Their friend Nathan, a senior with John Lennon hair and glasses, is there with his guitar, strumming softly under the conversation. “So many of the girls here are lesbian or have experimented or are confused,” he says.
Ilia, another senior boy, frowns at Nathan’s use of labels. “It’s not lesbian or bisexual. It’s just, whatever … ”
Since the school day is winding down, things in the hallway are starting to get rowdy. Jane disappears for a while and comes back carrying a pint-size girl over her shoulder. “Now I take her off and we have gay sex!” she says gleefully, as she parades back and forth in front of the cuddle puddle. “And it’s awesome!” The hijacked girl hangs limply, a smile creeping to her lips. Ilia has stuffed papers up the front of his shirt and prances around on tiptoe, batting his eyes and sticking out his chest. Elle is watching, enthralled, as two boys lock lips across the hall. “Oh, my,” she murmurs. “Homoerotica. There’s nothing more exciting than watching two men make out.” And everyone is talking to another girl in the puddle who just “came out,” meaning she announced that she’s now open to sexual overtures from both boys and girls, which makes her a minor celebrity, for a little while.
When asked how many of her female friends have had same-sex experiences, Alair answers, “All of them.” Then she stops to think about it. “All right, maybe 80 percent. At least 80 percent of them have experimented. And they still are. It’s either to please a man, or to try it out, or just to be fun, or ’cause you’re bored, or just ’cause you like it … whatever.”
With teenagers there is always a fair amount of posturing when it comes to sex, a tendency to exaggerate or trivialize, innocence mixed with swagger. It’s also true that the “puddle” is just one clique at Stuyvesant, and that Stuyvesant can hardly be considered a typical high school. It attracts the brightest public-school students in New York, and that may be an environment conducive to fewer sexual inhibitions. “In our school,” Elle says, “people are getting a better education, so they’re more open-minded.”
That said, the Stuyvesant cuddle puddle is emblematic of the changing landscape of high-school sexuality across the country. This past September, when the National Center for Health Statistics released its first survey in which teens were questioned about their sexual behavior, 11 percent of American girls polled in the 15-to-19 demographic claimed to have had same-sex encounters—the same percentage of all women ages 15 to 44 who reported same-sex experiences, even though the teenagers have much shorter sexual histories. It doesn’t take a Stuyvesant education to see what this means: More girls are experimenting with each other, and they’re starting younger. And this is a conservative estimate, according to Ritch Savin-Williams, a professor of human development at Cornell who has been conducting research on same-sex-attracted adolescents for over twenty years. Depending on how you phrase the questions and how you define sex between women, he believes that “it’s possible to get up to 20 percent of teenage girls.”

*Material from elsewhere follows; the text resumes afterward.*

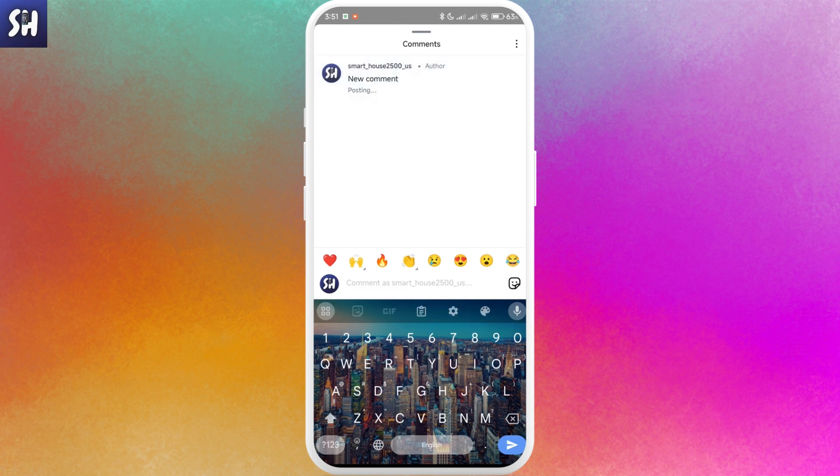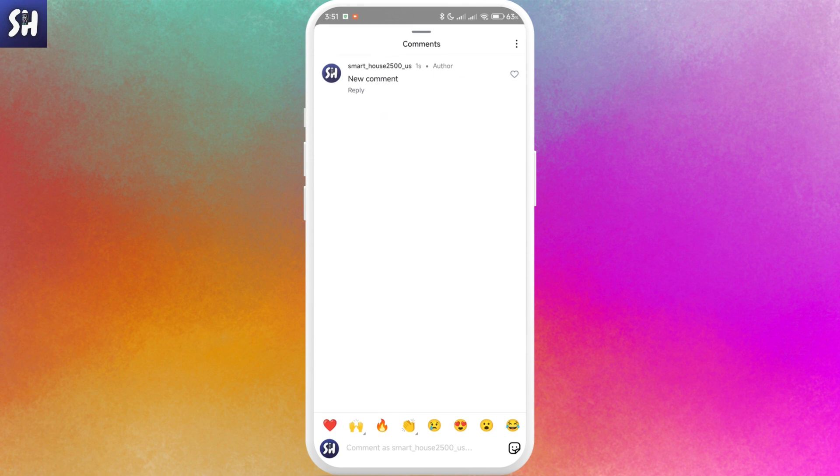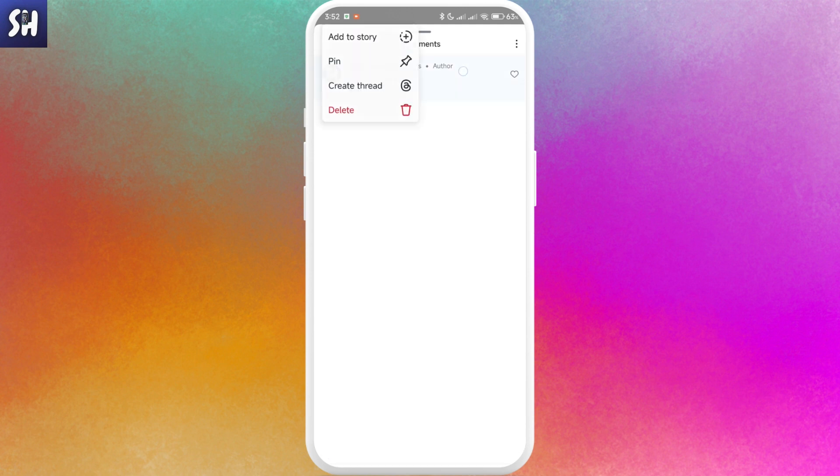This method works with any kind of post. You can do this with your own post or any other post. Let's imagine I'm going to choose this specific comment. Depending on your version of Instagram, you can swipe to the left or tap and hold on this specific comment.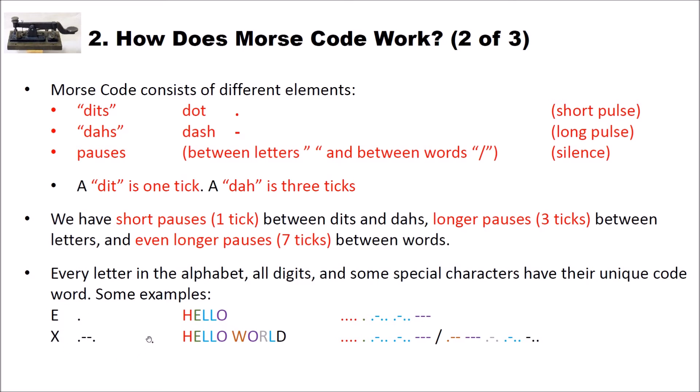Here I have two other examples. I have a word, hello, which is encoded as H-E-L-L-O. And then I have hello world, which is encoded here as H-E-L-L-O, then a slash, W-O-R-L-D.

Of course, what can’t be expressed in statistical terms is how teenagers think about their same-sex interactions. Go to the schools, talk to the kids, and you’ll see that somewhere along the line this generation has started to conceive of sexuality differently. Ten years ago in the halls of Stuyvesant you might have found a few goth girls kissing goth girls, kids on the fringes defiantly bucking the system. Now you find a group of vaguely progressive but generally mainstream kids for whom same-sex intimacy is standard operating procedure. “It’s not like, Oh, I’m going to hit on her now. It’s just kind of like, you come up to a friend, you grab their ass,” Alair explains. “It’s just, like, our way of saying hello.” These teenagers don’t feel as though their sexuality has to define them, or that they have to define it, which has led some psychologists and child-development specialists to label them the “post-gay” generation. But kids like Alair and her friends are in the process of working up their own language to describe their behavior. Along with gay, straight, and bisexual, they’ll drop in new words, some of which they’ve coined themselves: polysexual, ambisexual, pansexual, pansensual, polyfide, bi-curious, bi-queer, fluid, metroflexible, heteroflexible, heterosexual with lesbian tendencies—or, as Alair puts it, “just sexual.” The terms are designed less to achieve specificity than to leave all options open.

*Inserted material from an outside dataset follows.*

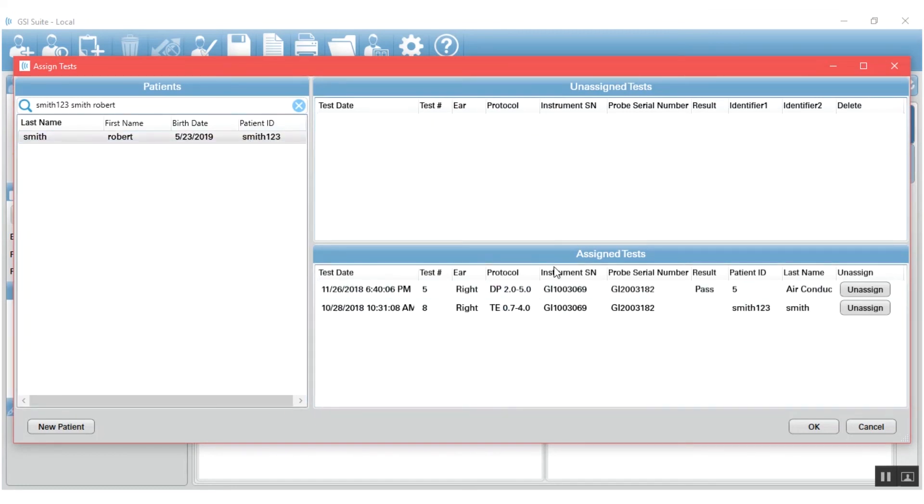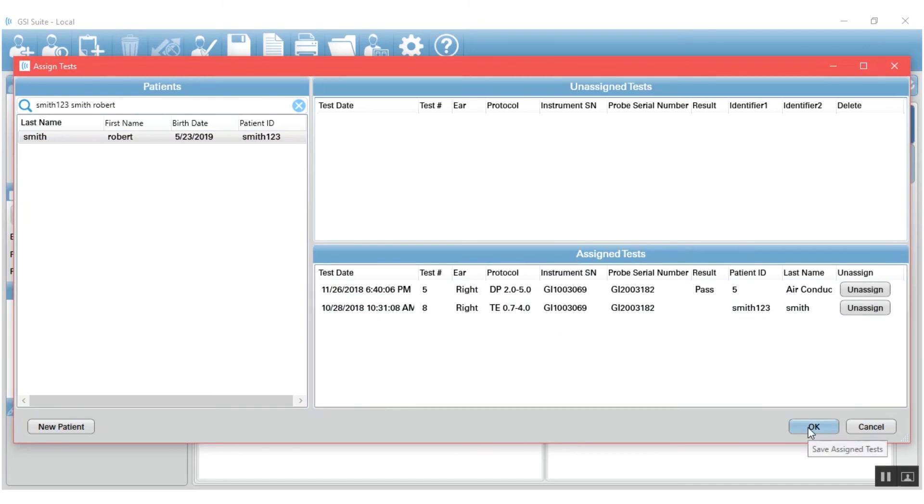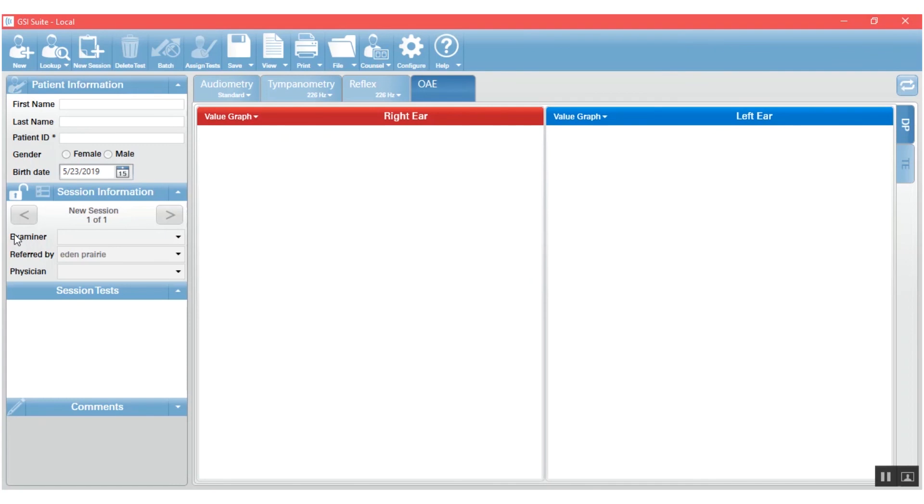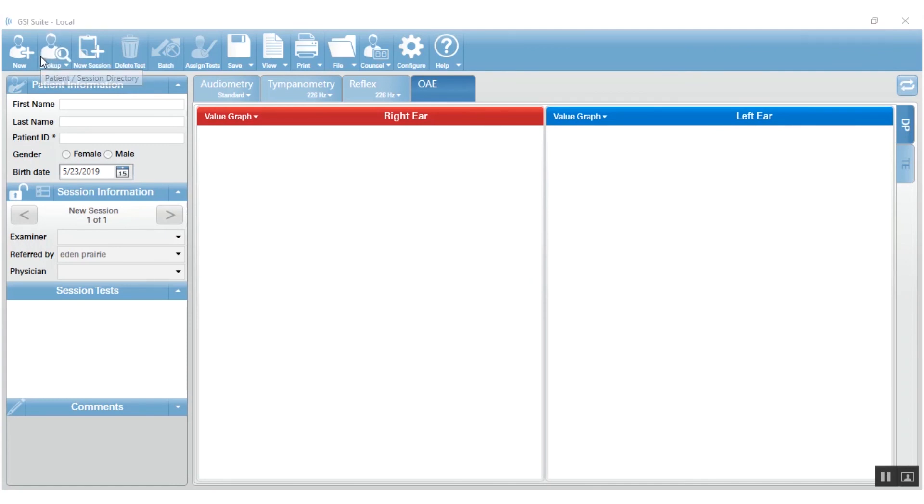When you have assigned the tests and all of your results appear in the assigned test window, press OK. The assigned tests are saved and now they will be able to be viewed when you look up your patient information.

To some it may sound like a sexual Utopia, where labels have been banned and traditional gender roles surpassed, but it’s a complicated place to be. Anyone who has ever been a girl in high school knows the vicissitudes of female friendships. Add to that a sexual component and, well, things get interesting. Take Alair and her friend Jane, for example. “We’ve been dancing around each other for, like, three years now,” says Alair. “I’d hop into bed with her in a second.” Jane is tall and curvy with green eyes and faint dimples. She thinks Alair is “amazing,” but she’s already had a female friendship ruined when it turned into a romantic relationship, so she’s reluctant to let it happen again. Still, they pet each other in the hall, flirt, kiss, but that’s it, so far. “Alair,” Jane explains, “is literally in love with everyone and in love with no one.”
Relationships are a bitch, dude.”
Alair is having lunch with Jane, Elle, and their friend Nathan at a little Indian place near Jane’s Upper West Side apartment. Jane has been telling the story of her first lesbian relationship: She fell for a girl who got arrested while protesting the Republican National Convention (very cool), but the girl stopped calling after they spent the night together (very uncool).
“We should all be single for the rest of our lives,” Alair continues. “And we should all have sugar daddies.” As the only child of divorced parents, Alair learned early that love doesn’t always end in happily ever after and that sex doesn’t always end in love.
Nathan looks across the table at her and nods knowingly. He recently broke up with a girl he still can’t get off his mind, even though he wasn’t entirely faithful when they were together. “I agree. I wholeheartedly agree,” he says.
“I disagree,” says Elle, alarmed. She’s the romantic of the group, a bit naïve, if you ask the others.
“Well,” says Nathan. “You’re, like, the only one in a happy relationship right now, so … ”
Alair cracks up. “Happy? Her man is gayer than I am!” (Jane, the sarcastic one, has a joke about this boy: “He’s got one finger left in the closet, and it’s in Elle, depending on what time it is.”)
“But at least she’s happy,” argues Nathan.
“When I’m single, I say I’m happy I’m single, and when I’m in a relationship I seem happy in the relationship. Really, I’m filled with angst!” says Elle.
Nathan rolls his eyes. “Anyone who says they’re filled with angst is definitely not filled with angst.”
He’s got a point. In her brand-new sneakers and her sparkly barrettes, Elle is hardly a poster child for teenage anxiety. She makes A’s at Stuyvesant, babysits her cousins, and is engaging in a way that will go over well in college interviews.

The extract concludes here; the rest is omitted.